Drawbacks are few, but include a protagonist who is portrayed more as a hero than the criminal she’s supposed to be—probably because Domino’s life as a gangster is told rather than shown—and an interesting setting that is restricted only to Los Angeles.
CONCLUSION: While Mob Rules showed some promise, it faltered during the middle and third parts of the novel. Skeleton Crew on the other hand, has very few dull moments as it races towards a macabre, but exciting conclusion, while giving readers larger doses of action, not to mention a kick-ass heroine and a worthwile incentive to come back for the third volume of The Underworld Cycle, which is being paved towards an explosive finale...
BONUS REVIEW — “Retribution”:
Order “Harvest Moon” HERE
Retribution is a novella featured in the Harvest Moon anthology, which also includes novellas by Mercedes Lackey and Michelle Sagara.
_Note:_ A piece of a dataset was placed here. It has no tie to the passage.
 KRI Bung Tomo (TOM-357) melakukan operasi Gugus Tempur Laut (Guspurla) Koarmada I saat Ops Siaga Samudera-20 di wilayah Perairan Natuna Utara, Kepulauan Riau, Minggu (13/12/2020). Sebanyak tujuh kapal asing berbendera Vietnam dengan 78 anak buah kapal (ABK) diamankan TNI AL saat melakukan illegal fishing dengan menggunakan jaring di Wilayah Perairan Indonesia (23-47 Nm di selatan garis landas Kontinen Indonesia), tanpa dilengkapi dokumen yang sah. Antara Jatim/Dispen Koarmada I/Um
Retribution is 93 pages long, features Domino Riley as the first-person narrator, and is set before the events of Mob Rules, the first book in The Underworld Cycle.
The novella opens with Domino executing a would-be usurper out in the desert. Before he dies though, the gangster inflicts a terrible curse upon Domino involving Samael, the angel of death. From here, Retribution follows Domino as she trys to break the curse before it’s too late. What I liked best about this story was how it shows Domino for who she truly is: a ruthless gangster willing to do whatever it takes to get things done. The novella also reveals some of Domino’s background, which helps explain the hardened person she has become.
As a whole, Retribution is perhaps the best thing Cameron Haley has written so far. Not only is it the best interpretation of the character Domino, but the novella also evocatively captures the author’s writing style, while providing a fast-paced, entertaining story. In short, I would recommend Retribution to anyone interested in sampling Cameron Haley’s work...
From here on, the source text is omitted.